At one point during this period, my grandparents'
household—together with adult siblings--had 4 horses, 3 head of cattle, 2 pigs
and 7 sheep.
Each family could sell or trade their own products at the
village Menno-Union cooperative and connect with external markets. Shelves were
stocked, and there were employment opportunities with new mills, dairies and a
cheese factory, as well as work for blacksmiths and wood-workers. The medical
facility in Gnadenfeld became operational again, as well as the agricultural
school—both of which the Union identified as critical for community prosperity,
even if the barriers had been almost insurmountable.
“The Menno-Union appeared almost like a meteor, flashed
brightly for a moment, and then disappeared—it and the majority of men that
created it and who made it beneficial" (note 6), wrote one of the
participants, Jacob A. Neufeld. Most of the contributors, planners and
administrators of the Menno-Union were charged and imprisoned as enemies of the
state, and then exiled or executed. Neufeld stops short of calling colleagues
Mennonite martyrs; but they were for him like fallen Christian Mennonite
soldiers.
---Arnold Neufeldt-Fast
---Notes---
Note 1 (and pic): B.B. Janz and Ph. Cornies to Study
Commissioners to A. A. Friesen, Βenjamin Η. Unruh, C. H. Warkentin; (also) to
the General Commission for Foreign Needs of Holland; (also) to the American
Mennonite Relief, Scottdale, PA, early March 1922. Translated and edited by
Harold Bender, “A Russian Mennonite Document of 1922,” Mennonite Quarterly
Review 28, no. 2 (April 1954), 143–147; 144f.
Note 2: “Aufzeichnung des Ministerialdirektors Behrendt,” Berlin, March 2, 1921, in
Walter Bußmann, et al., editors, Akten zur Auswärtigen Politik, Serie A
(1918–1925), vol. 4: 1, Oktober 1920 bis 30. April 1921, no. 179, 382–384
(Göttingen: Vandenhoeck & Ruprecht, 1986), 383, https://digi20.digitale-sammlungen.de/de/fs2/object/goToPage/bsb00040119.html?pageNo=435.
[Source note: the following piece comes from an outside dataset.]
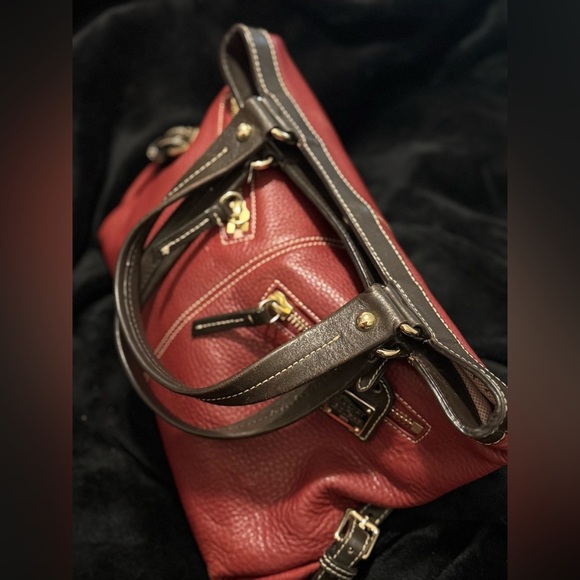 Dooney And Bourke Brown Pebbled Leather Sara Purse Handbag - Picture 8 of 16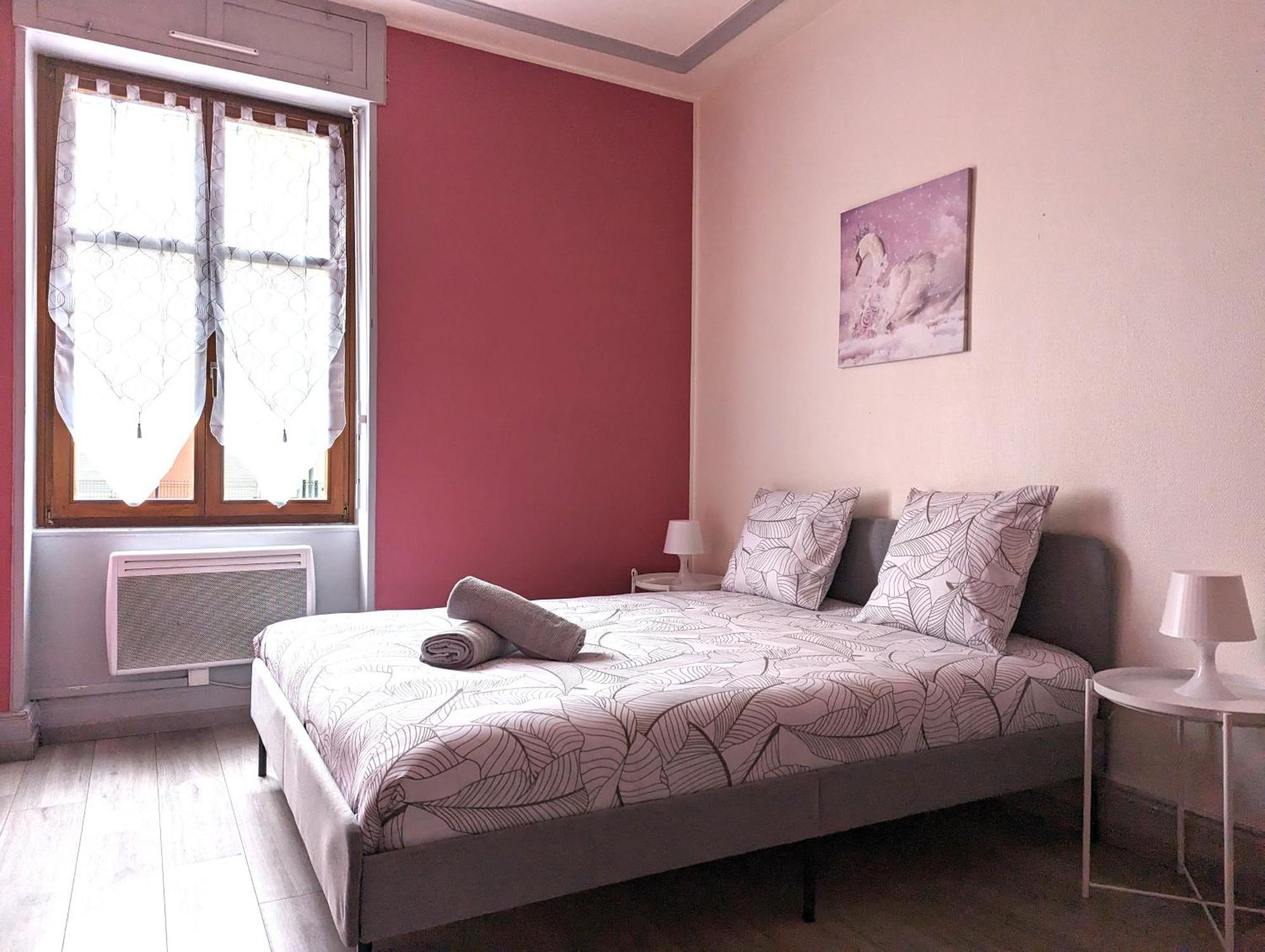 Le Mirage - Appartement 2 Chambres, Salon, Cuisine Equipee, Parking Et Wifi Gratuit Mulhouse Extérieur photo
Note 3: See reports, responses, recommended amendments, and
final text in John B. Toews and Paul Toews, eds., Union of Citizens of Dutch
Lineage in Ukraine (1922–1927). Mennonite and Soviet Documents, translated by
J. B. Toews, O. Shmakina, and W. Regehr (Fresno, CA: Center for Mennonite
Brethren Studies, 2011), 76–98, https://archive.org/details/unionofcitizenso0000unse.
Note 4: See Janz and Cornies letter above, n.1.
Note 5: Cf. Landwirt 1, no. 4–5 (October 1925); Landwirt 2, no. 3–4 (10–11) (March–April 1926), https://chortitza.org/DPL.htm.
Note 6: Jacob A.
Neufeld, “Erinnerungen eines Beteiligten des ‘Verbandes der Bürger
Holländischer Herkunft in der Ukraine’” (Unpublished manuscript, 1952), 33. Mennonite
Library and Archives, Bethel College. https://mla.bethelks.edu/books/289_74771_N394e/. Also
translated as “Memories of the former activities of the Verband by a
participant in the Union of the Citizens of Dutch Origin in the Ukraine.”